* [Exercise description]
Set down, word for word, the line with "More Photos Of" and the lines after it through the final line of the data below, without pictures.

* [Dataset records]
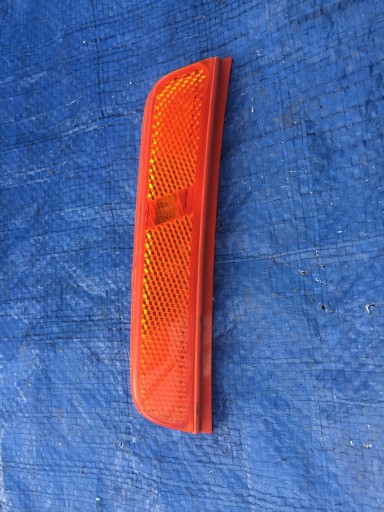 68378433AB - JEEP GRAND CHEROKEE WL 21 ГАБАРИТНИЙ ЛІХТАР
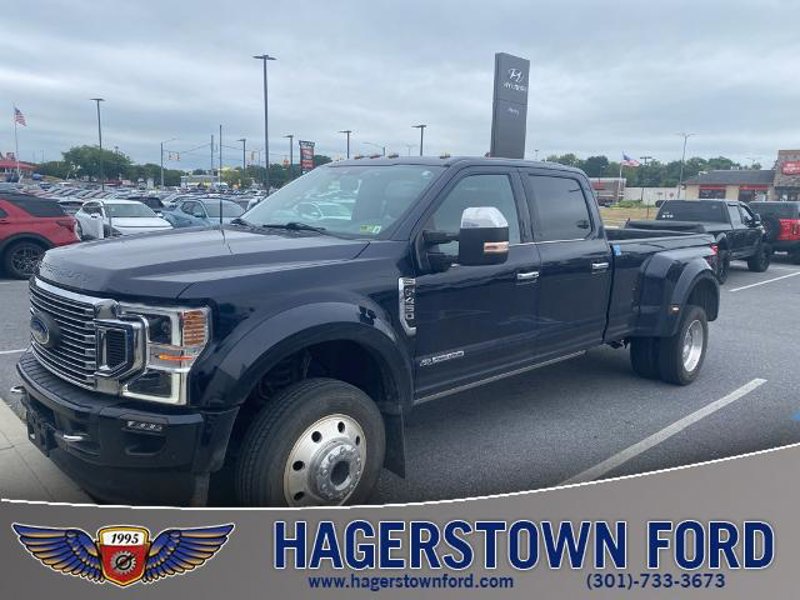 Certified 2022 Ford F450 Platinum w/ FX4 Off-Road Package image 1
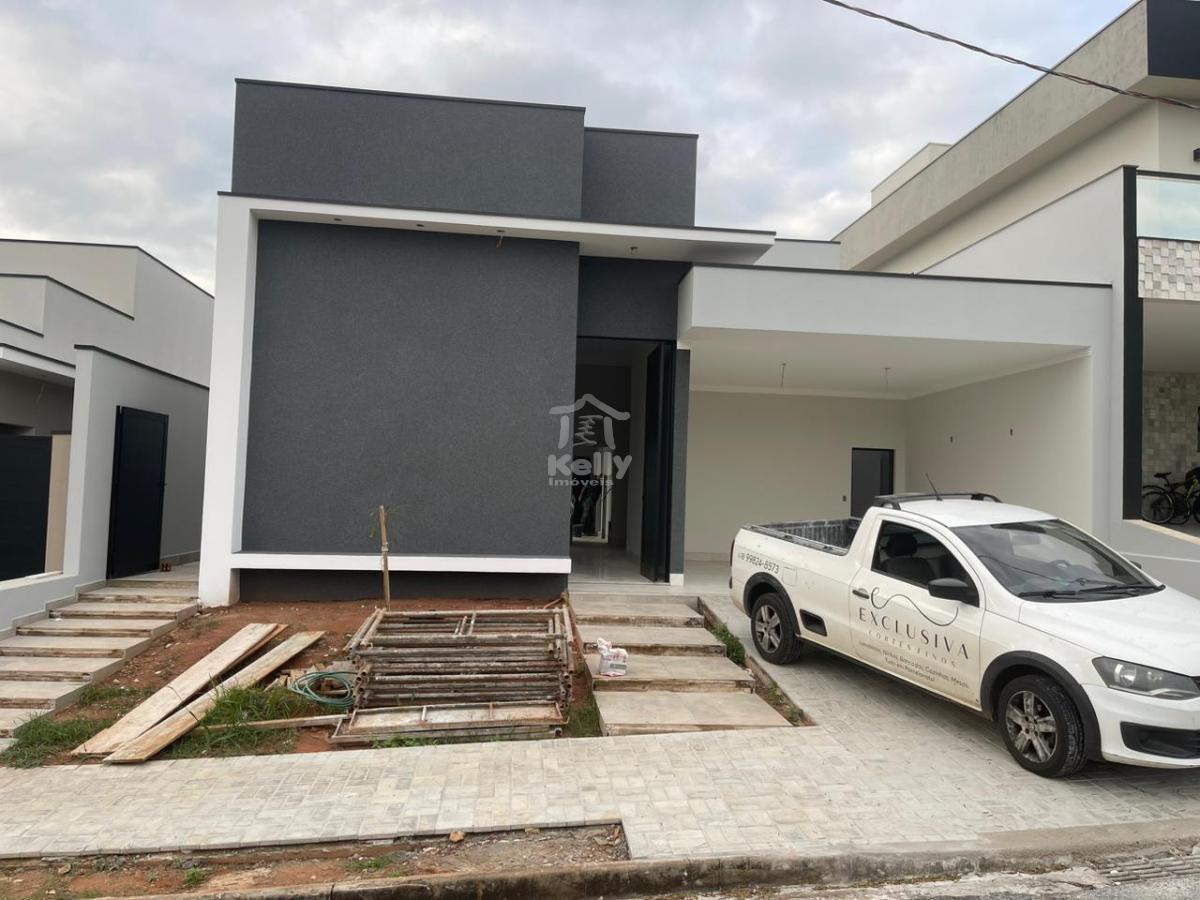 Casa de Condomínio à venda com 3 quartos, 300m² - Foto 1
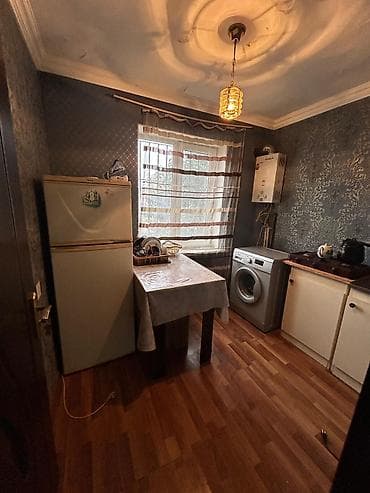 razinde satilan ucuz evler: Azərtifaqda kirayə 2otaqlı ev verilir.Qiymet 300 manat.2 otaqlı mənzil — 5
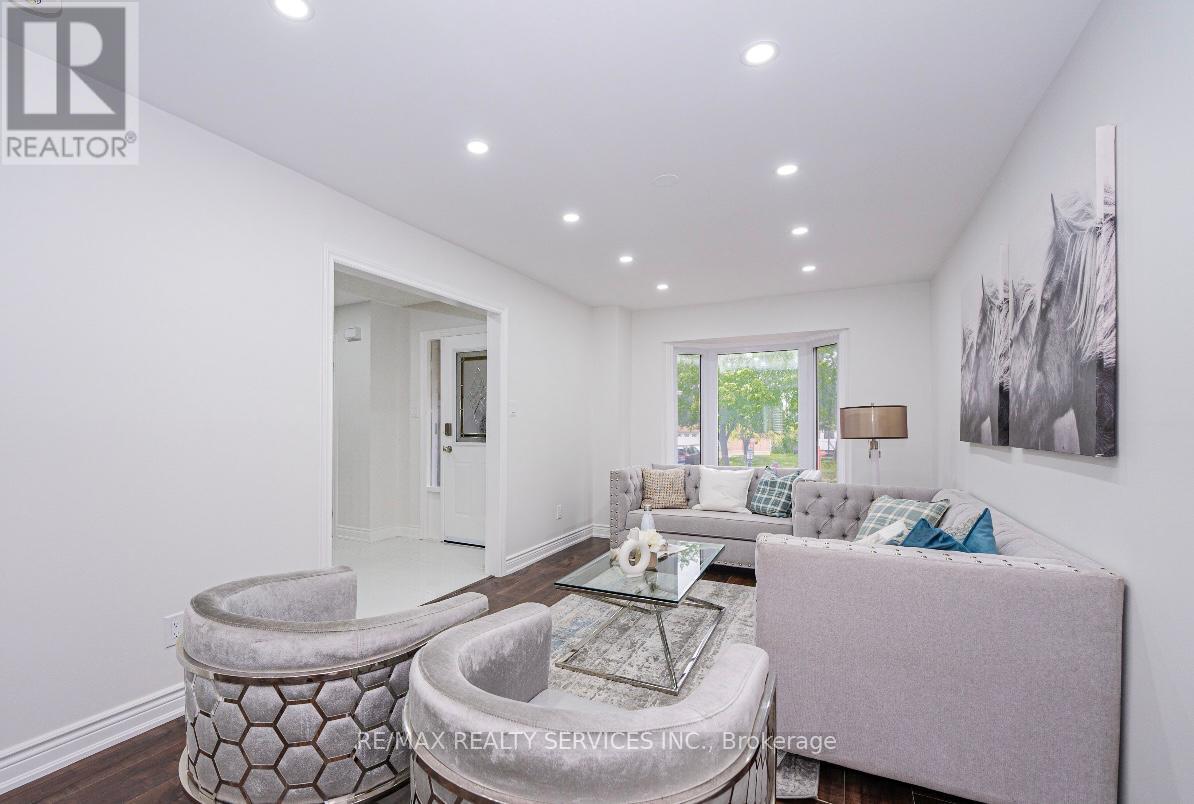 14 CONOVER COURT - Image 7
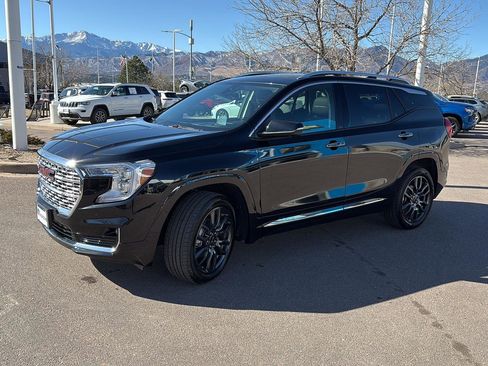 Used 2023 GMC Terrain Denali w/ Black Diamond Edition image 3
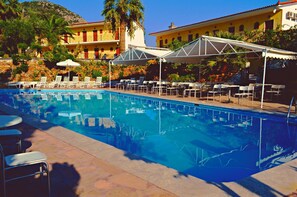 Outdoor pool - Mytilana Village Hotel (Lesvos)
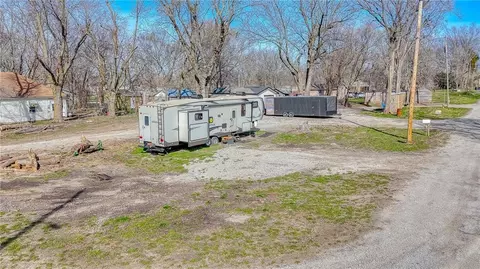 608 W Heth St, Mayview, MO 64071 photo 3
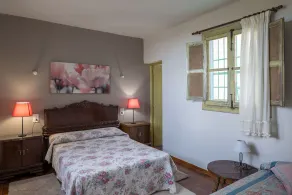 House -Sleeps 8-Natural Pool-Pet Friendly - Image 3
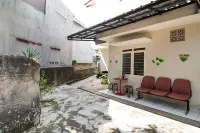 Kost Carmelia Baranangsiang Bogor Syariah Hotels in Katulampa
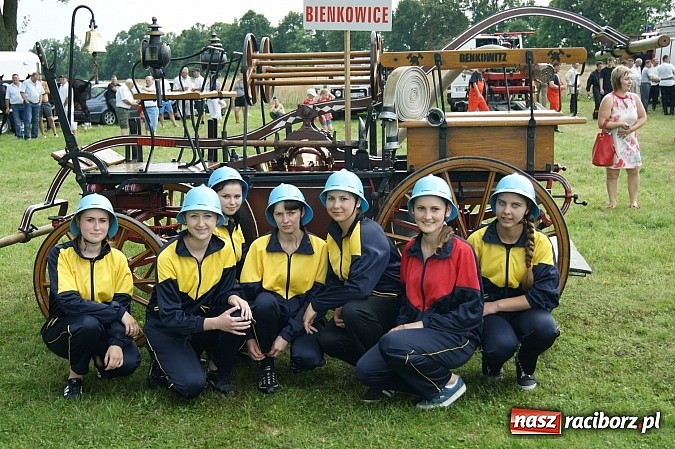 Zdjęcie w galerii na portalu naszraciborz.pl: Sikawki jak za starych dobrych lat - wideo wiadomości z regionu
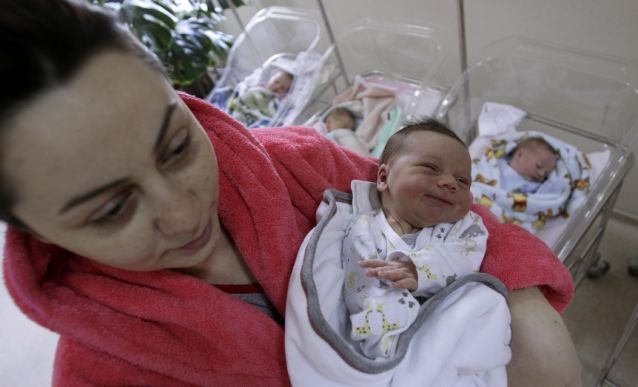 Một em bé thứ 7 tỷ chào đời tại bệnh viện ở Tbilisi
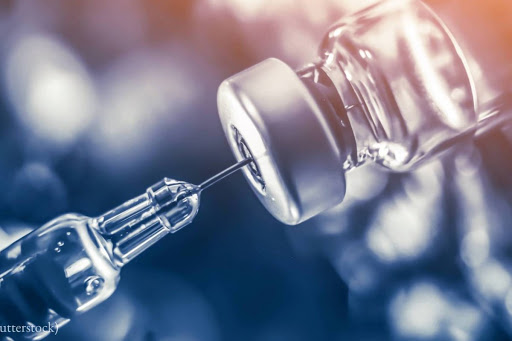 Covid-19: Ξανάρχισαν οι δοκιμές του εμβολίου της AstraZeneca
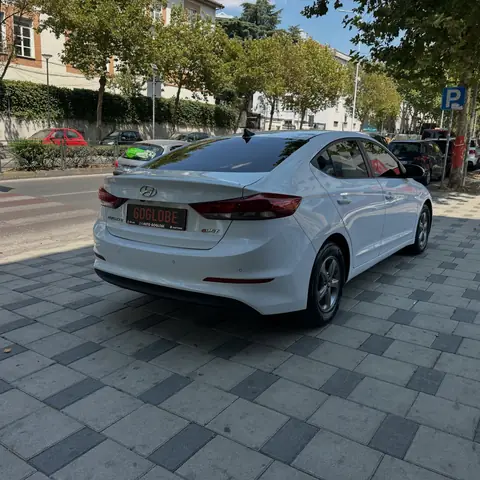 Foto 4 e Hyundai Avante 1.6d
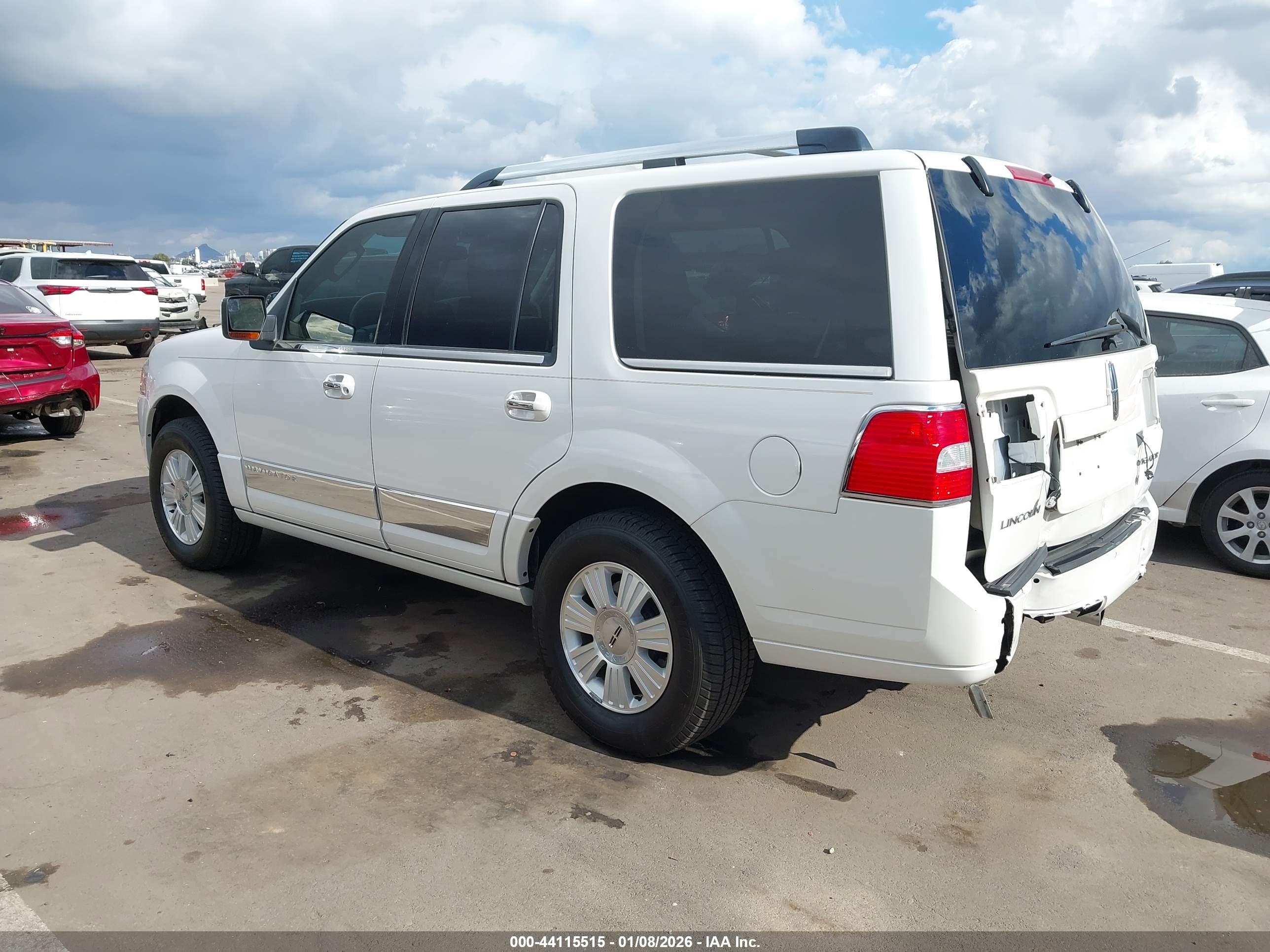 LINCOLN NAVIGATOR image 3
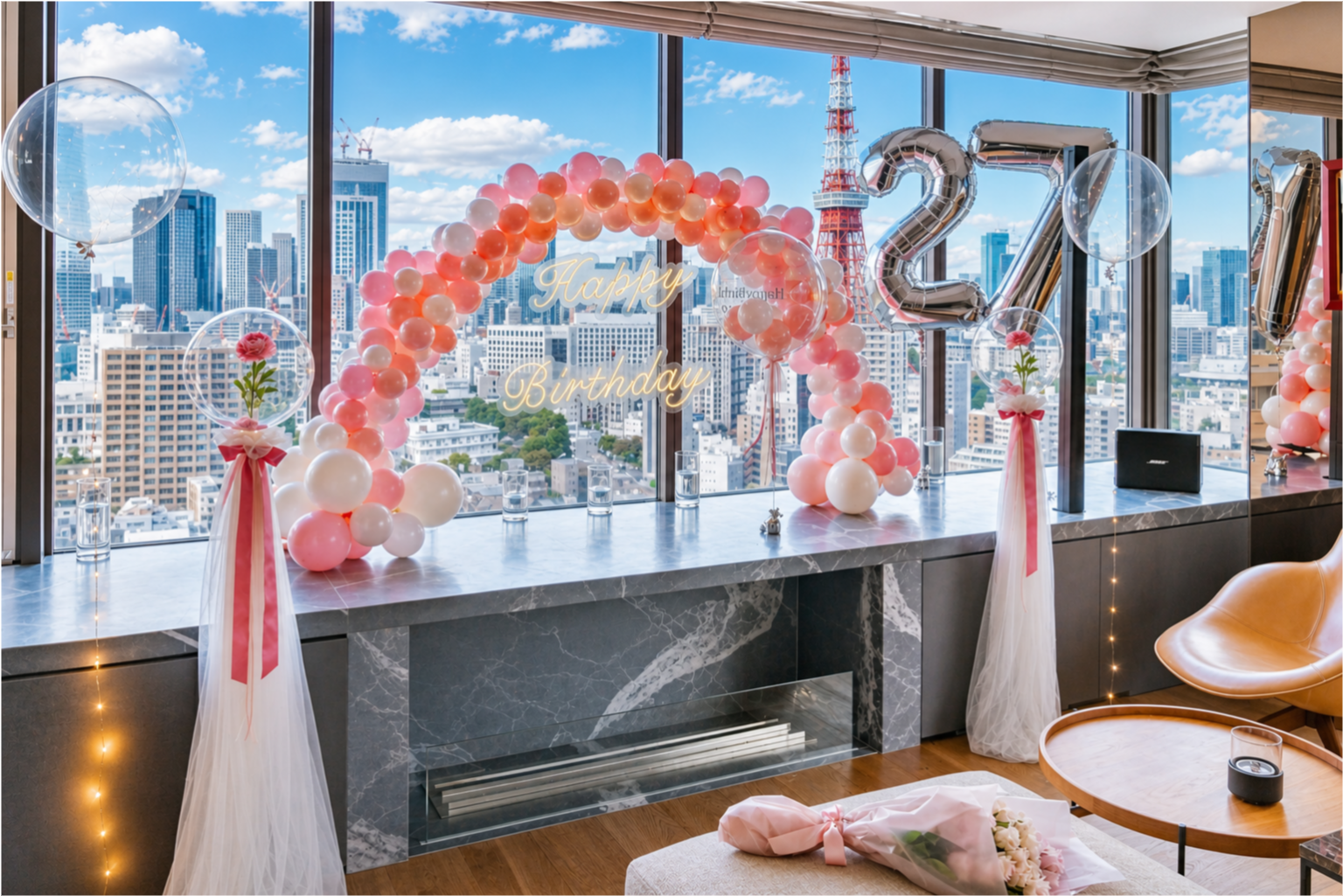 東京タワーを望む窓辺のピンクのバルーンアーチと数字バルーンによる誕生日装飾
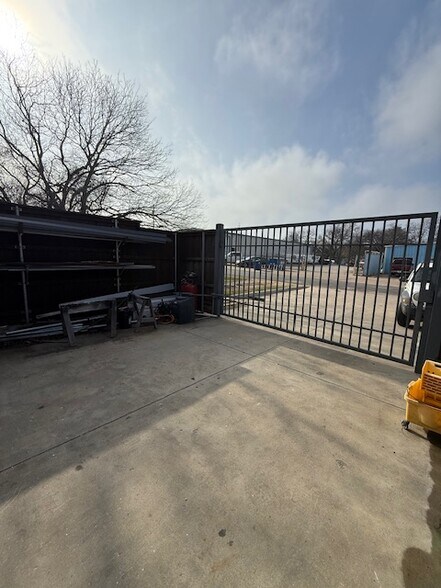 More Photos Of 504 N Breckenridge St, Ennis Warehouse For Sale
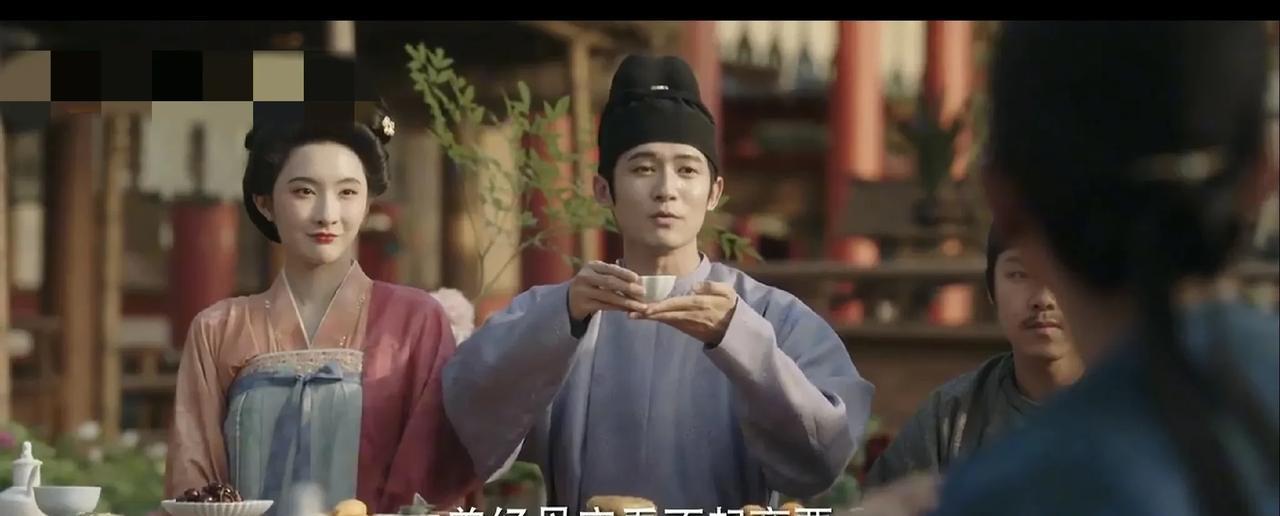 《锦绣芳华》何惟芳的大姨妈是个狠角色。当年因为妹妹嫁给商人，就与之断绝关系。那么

* [Problem solution]
 More Photos Of 504 N Breckenridge St, Ennis Warehouse For Sale
 《锦绣芳华》何惟芳的大姨妈是个狠角色。当年因为妹妹嫁给商人，就与之断绝关系。那么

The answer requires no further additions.